Linden Lab have blogged about the reasons for the maintenance this week : The Hardware Issues Behind Recent Region Restarts. The problem, the blog explains, was down to a hardware failure which first manifested itself in July when the hardware failure took down four of Linden Lab’s new generation hosts. These things happen and Linden Lab put it down to, these things happen. I’m not surprised, that would be my first port of call too because you don’t want to think it may be a nasty hardware fault.

However in early October the same thing happened with another four hosts, which would have raised suspicions. A fortnight later the same fault manifested itself with another four hosts, at which time Linden Lab fully realised that this wasn’t just one of those things. Linden Lab’s blog post is very transparent on what happened here and also gives us some insight into how things work server side :

Each host lives inside a chassis along with three other hosts. These four hosts all share a common backplane that provides the hosts with power, networking and storage. The failures were traced to an overheating and subsequent failure of a component on these backplanes.

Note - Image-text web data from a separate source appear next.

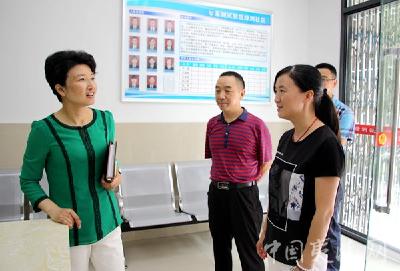 万犁昌督导检查绿洲社区文明创建工作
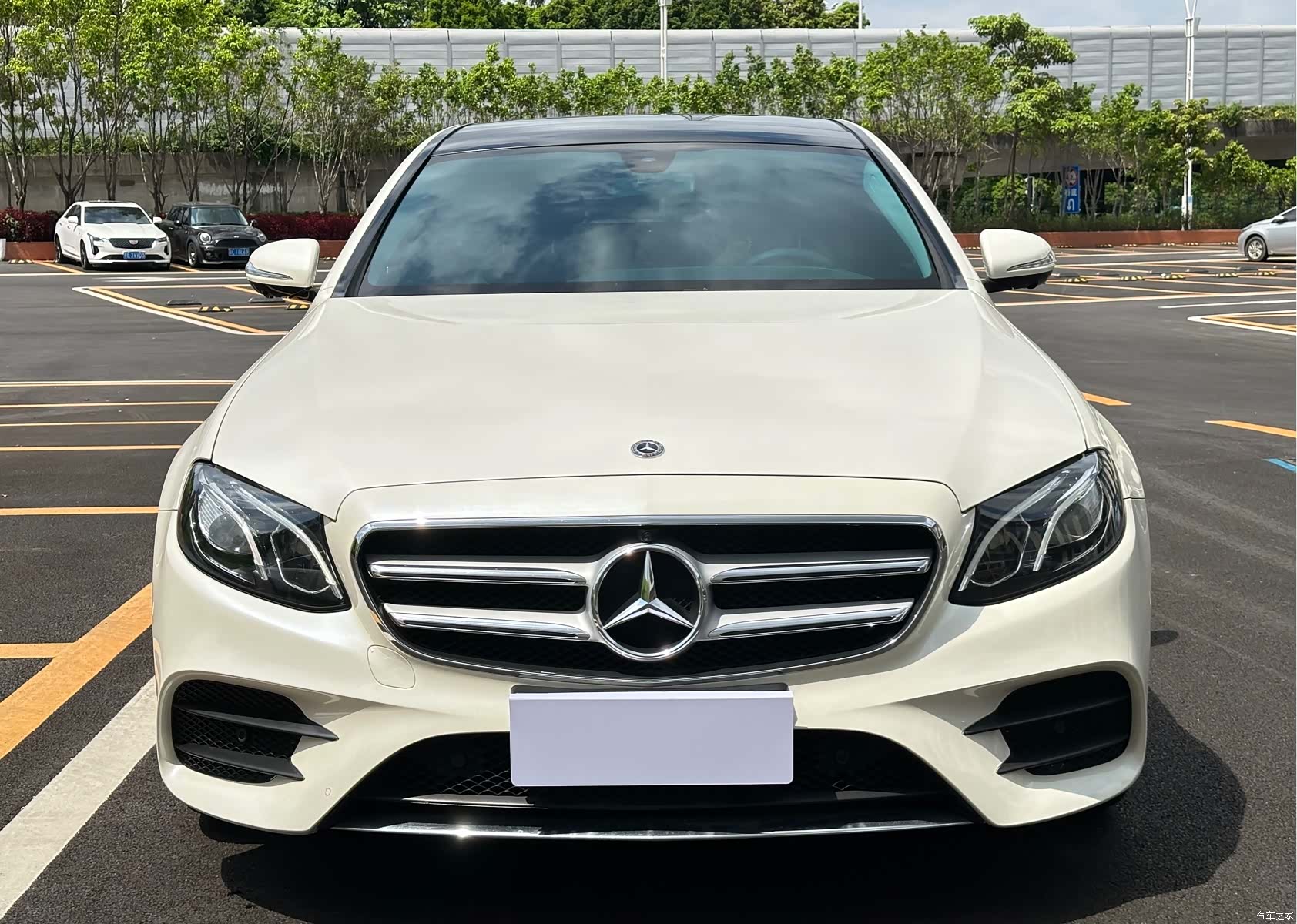 Mercedes-Benz E-Class, 2020 3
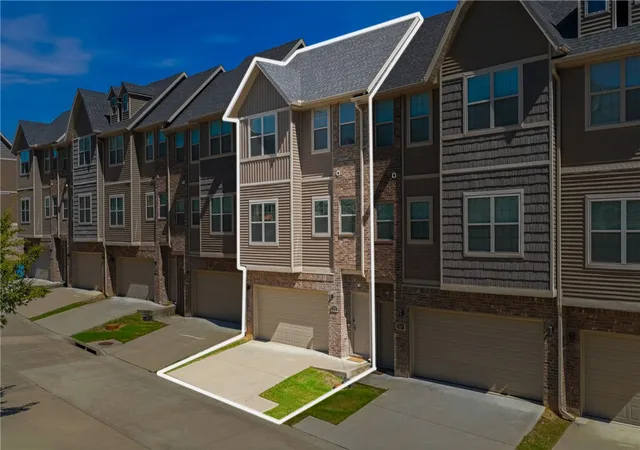 Townhouse for sale at 278 S Slopeside Dr, Fayetteville, AR 72704 | MLS# 1364450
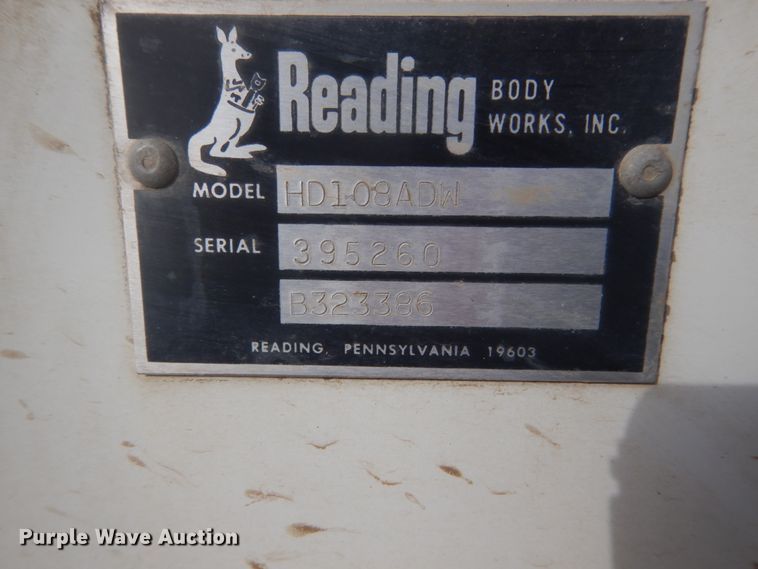 image for item GW9487 1997 International 4700 service truck with crane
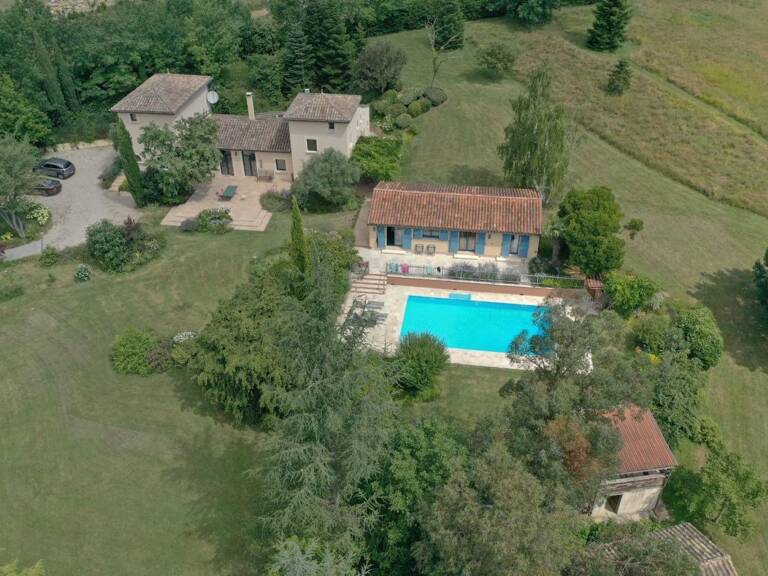 Propriété 2 maisons sur 1,4 Ha avec piscine — photo 1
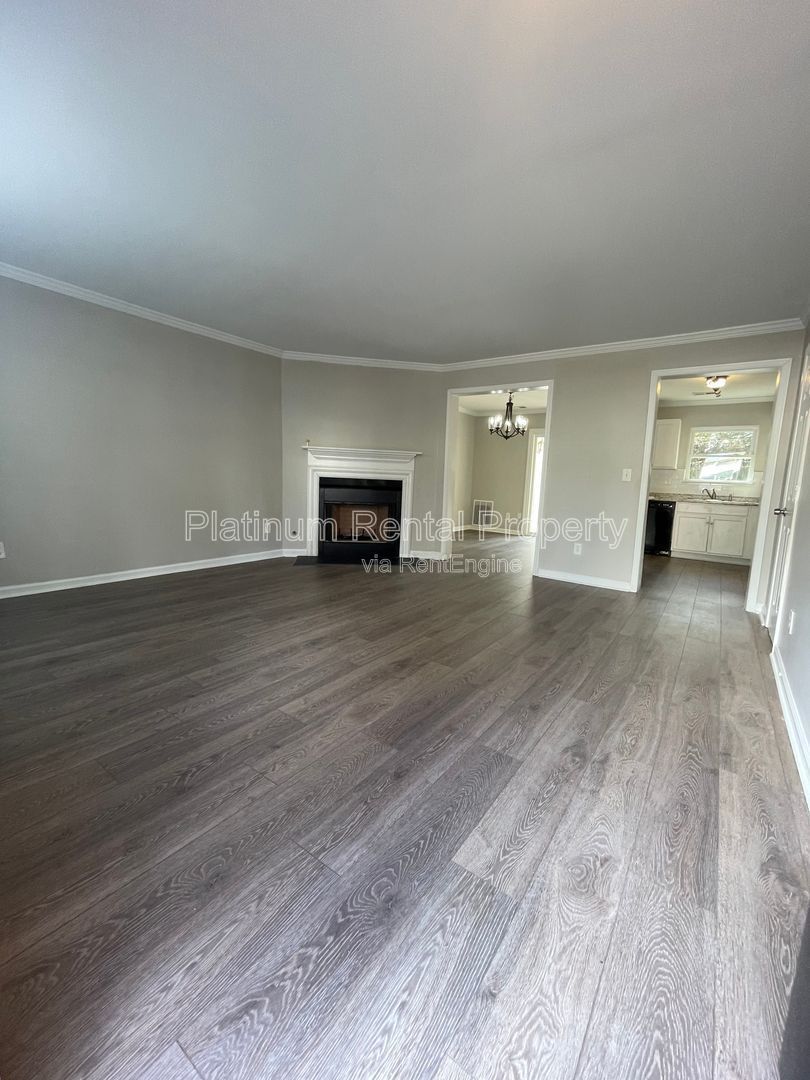 Charming 2-bedroom townhome in a fantastic Kennesaw location by Platinum Property Management Services, Inc. property image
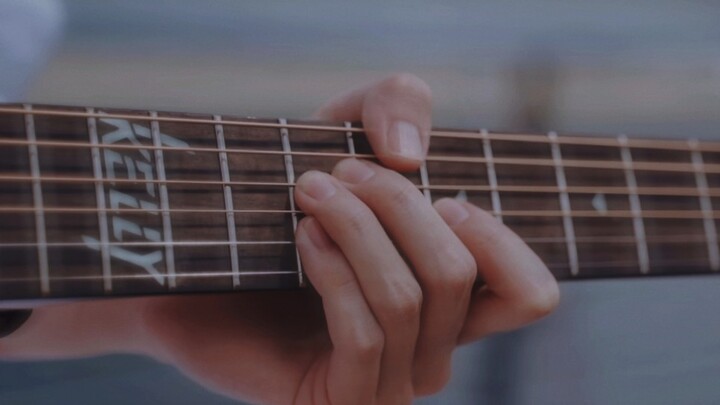 Đùa gì thế! Đây là bàn tay của một sinh viên xuất sắc từng học tại Berklee, đã chơi guitar suốt 20 n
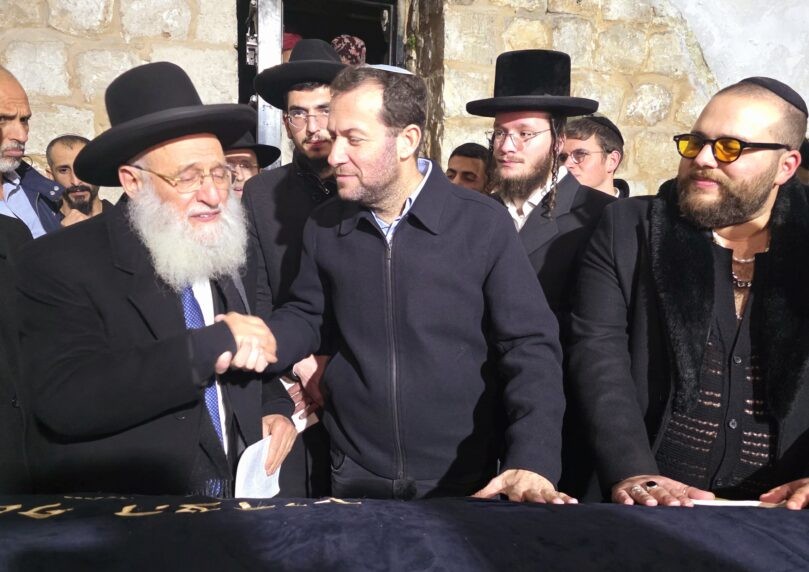 הרב אלבז בקבר יוסף: "כאן תוחזר עטרה ליושנה"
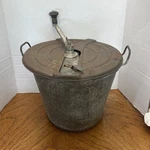 Antique Vintage Universal Bread Maker No 4 Landers Frary & Clark. Fixed Price $48.50.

After exhaustive investigation with our vendor, the root cause of the failures turned out to be a hardware defect in a backplane component. We arranged an on-site visit by our vendor to locate, identify, and replace the affected backplanes. Members of our operations team have been working this week with our vendor in our datacentre to inspect every potentially affected system and replace the defective component to prevent any more failures.

Now the question some may have is “Why didn’t Linden Lab explain this at the start of the week?” The answer I suspect is that Linden Lab wanted to be sure that the issue was being fixed during this maintenance window before informing their customers of the details.